Oil imports, textile exports, smuggling and overseas workers
Specifically, this resolution will result in a 30% decrease in total oil imports by cutting off over 55% of refined petroleum products going to North Korea, the US official told CNN.
“Oil is the life blood of North Korea’s effort to build and fund a nuclear weapon,” Haley said.
It will also ban the export of all textiles, the official said, noting that in 2016, the North Korean regime earned $760 million through those sales — making it the largest economic sector that UN Security Council had not yet touched.
Additionally, the new measures will prevent overseas workers from earning wages that finance the North Korean regime — over $500 million each year — in addition to cutting off foreign investments, technology transfers and other economic cooperation, according to a statement from the US mission to the UN.
These additional measures were also included to limit North Korea’s ability to smuggle products like coal and iron — particularly on the high seas.
But despite the US assessment that these are the strongest measures ever imposed on North Korea, some experts said that their impact will only be effective if paired with additional sanctions.
“These UN resolutions only work when complemented by robust US sanctions which is exactly what happened with Iran,” said Anthony Ruggiero, a former deputy director of the US Treasury Department and an expert in the use of targeted financial measures for Foundation for Defense of Democracies.
“The difference here is we have wide-ranging UN sanctions that go beyond what we had on Iran,” he said. “We also have US sanctions that go beyond the UN sanctions. The Trump administration has already used US sanctions against China and Russia, and Washington should do more like fines against Chinese banks and targeting additional firms and individuals facilitating sanctions evasion.”
The restrictions are modeled on the previous restrictions on coal, in this area the US will have to build to a UN embargo, but remains unclear if Beijing will agree to one, according to Ruggiero.

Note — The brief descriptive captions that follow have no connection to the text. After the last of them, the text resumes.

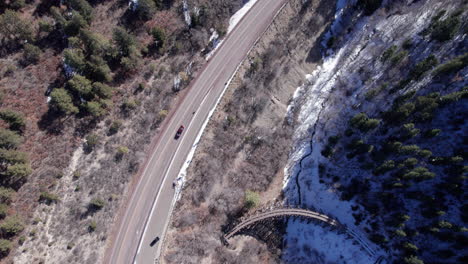 Top-down-view-of-a-car-driving-along-a-snowy-mountain-road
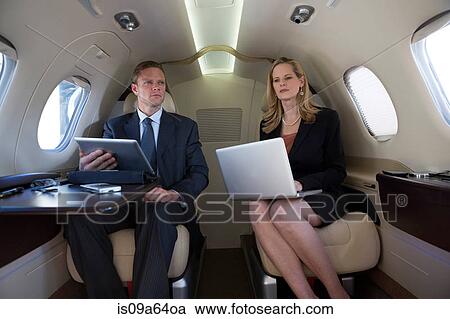 Stock Image - Business people working on airplane. Fotosearch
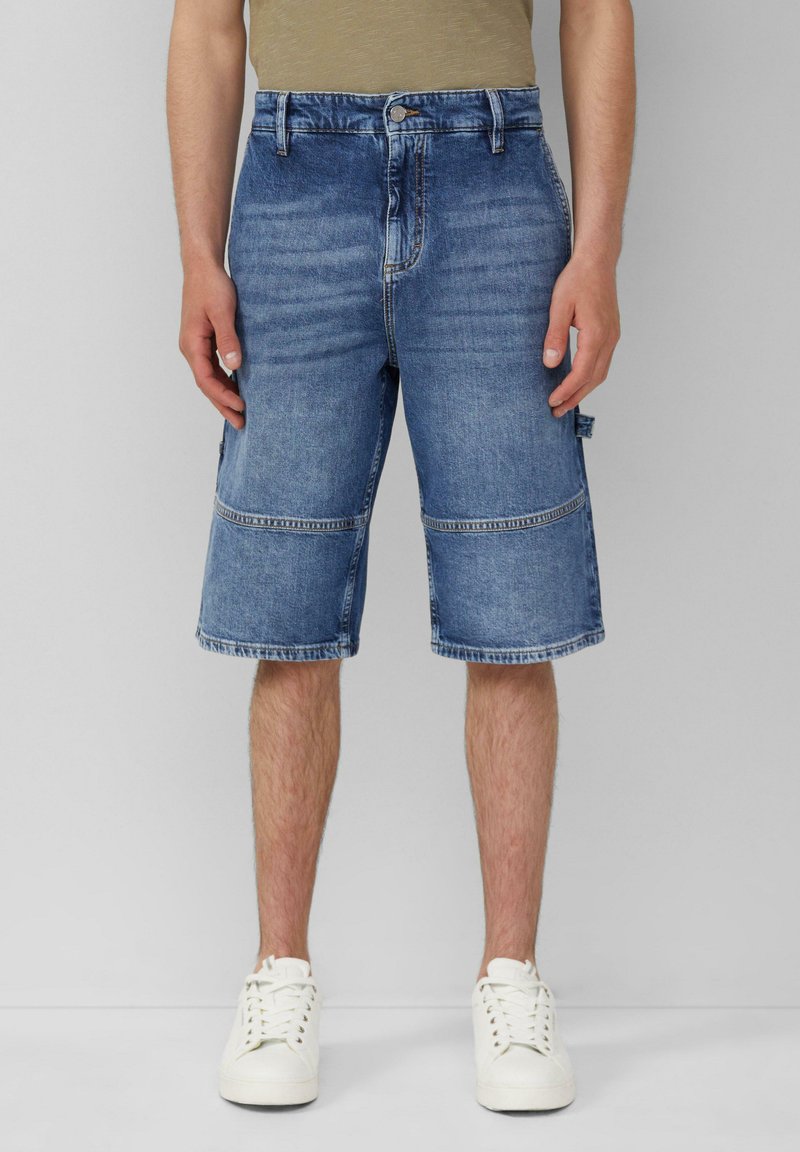 Shorts de mezclilla en un lavado azul medio, con un corte recto y largo hasta la rodilla, y costuras en contraste. Combinados con zapatillas blancas.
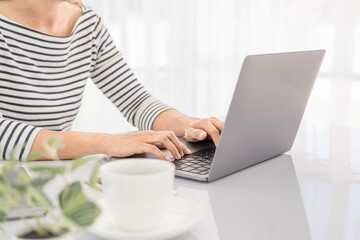 Asian business woman in casual clothes, Hand typing text on laptop in a bright modern office with copy space.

“The textile ban, inspections paragraphs, and joint ventures language are strong,” he added.
“The other sectoral restrictions rely on China and Russia implementation, which has been a challenge. The US should continue to use US sanctions against China and Russia to ensure implementation,” Ruggiero told CNN.

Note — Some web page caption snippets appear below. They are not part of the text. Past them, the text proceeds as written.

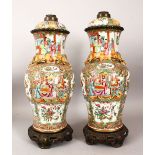 A PAIR OF CHINESE 19TH CENTURY CANTON PORCELAIN VASES / LAMPS, with panel decoration of figures,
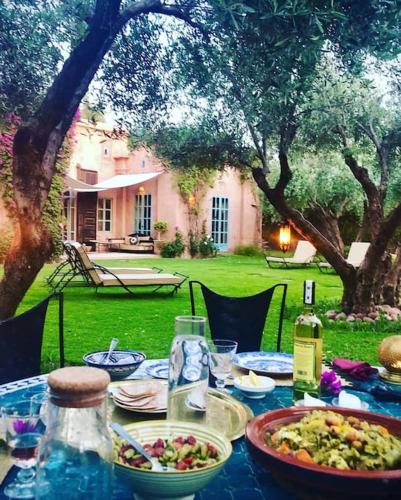 a table with plates of food on top of it at LA PORTE AU LION - Marrakech in Marrakesh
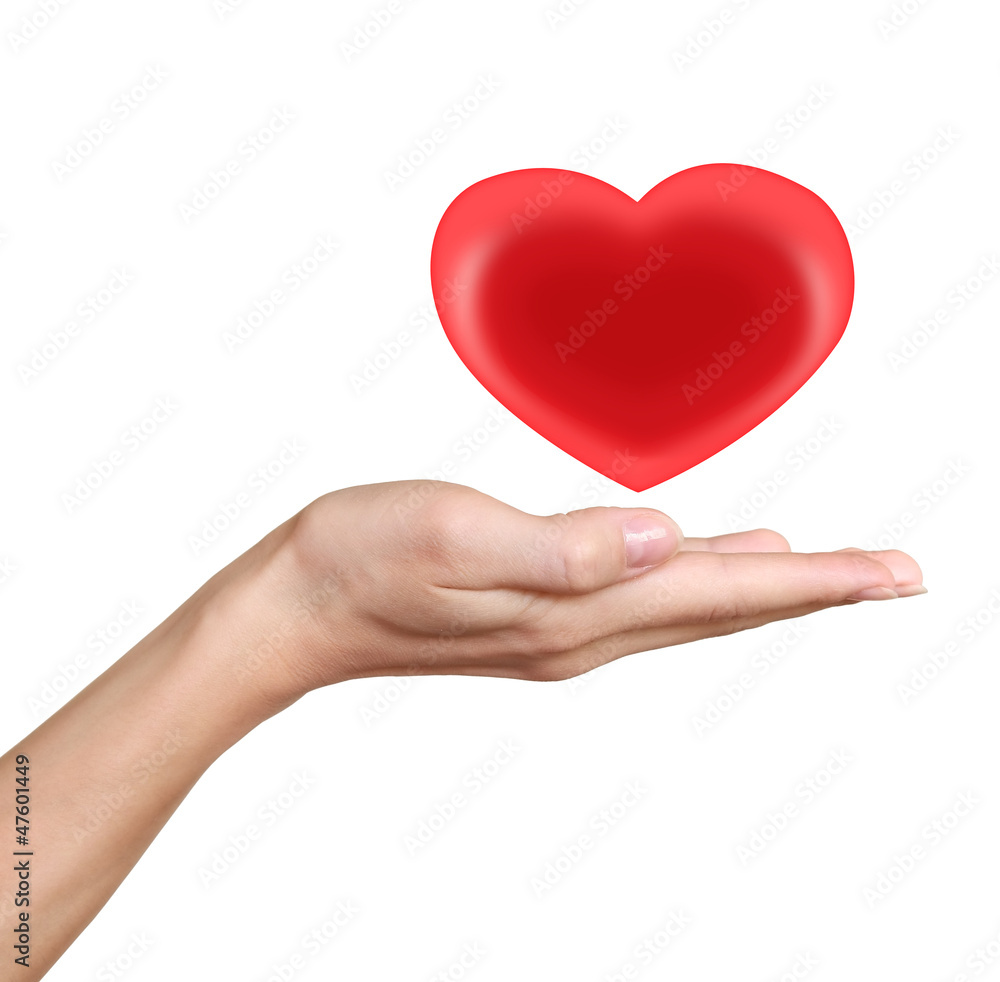 Red heart in woman hand. Love and heath symbol isolated on white Red heart in woman hand. Love and heath symbol isolated on white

French ambassador to the UN Francois Delattre stated his support for the US-drafted resolution ahead of Monday’s vote.
“Our deep belief is that only a firm reaction of the council can open the path towards a political solution to this crisis. Make no mistake about it, our firmness today is our best antidote to the risk of war, to the risk of confrontation, and our firmness today is our best tool for a political solution tomorrow,” he said.

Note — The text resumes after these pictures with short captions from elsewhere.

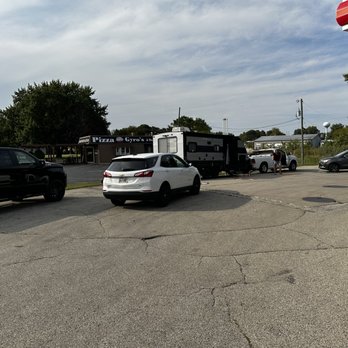 Reliable Truck & Auto - Rescue parking lot party (with the truck waiting to hook up to the camper) - Auto Repair Near Me - Hartford, Wisconsin Reliable Truck & Auto - Rescue parking lot party (with the truck waiting to hook up to the camper) - Auto Repair Near Me - Hartford, Wisconsin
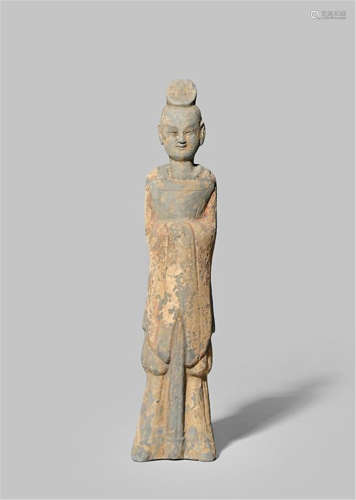 A CHINESE POTTERY FIGURE OF AN OFFICIAL NORTHERN WEI DYNASTY 386-535 AD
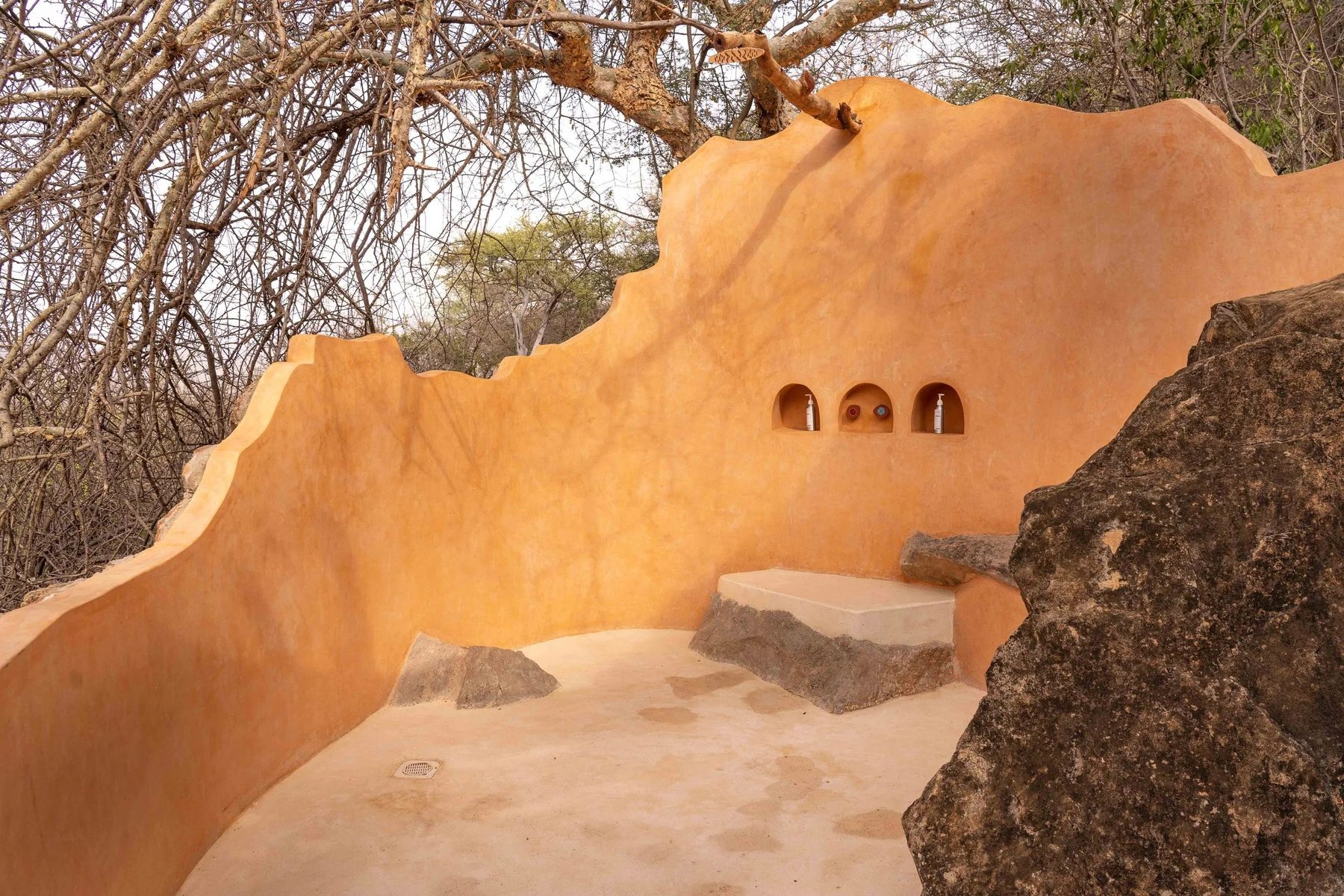 Open-air shower at Reteti House with curved ochre walls, carved niches and a branch for a shower head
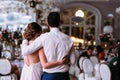 Romantic embracement of the just married couple in the restaurant Royalty Free Stock Photo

After the vote Russia’s Ambassador to the UN Vassily Nebenzia explained why his country supported the resolution: “Russia does not accept the claims of DPRK to become a nuclear state and has supported all of the security council resolutions demanding an end to the nuclear missile programs of Pyongyang in the interest of de-nuclearizing the Korean peninsula. Therefore, we supported and are supporting the sanctions contained in the resolutions aimed at compelling the DPRK to meet the demands of the Security Council.”
North Korea nuclear tests
The US and its allies have been calling for stern measures against North Korea since the September 3 nuclear test.
The test sent powerful tremors across the region, suggesting the device used was the most powerful the nation has ever tested. Pyongyang claims it tested a hydrogen bomb capable of sitting atop a ballistic missile.
Hydrogen bombs have a far larger yield than traditional weapons, meaning devices can be smaller while providing greater devastation.
Making them small enough to fit on a missile is a challenging task, and one that North Korea claims to have achieved. Experts are not so sure, but as long as Pyongyang claims to have the technology, the working assumption is that it’s true.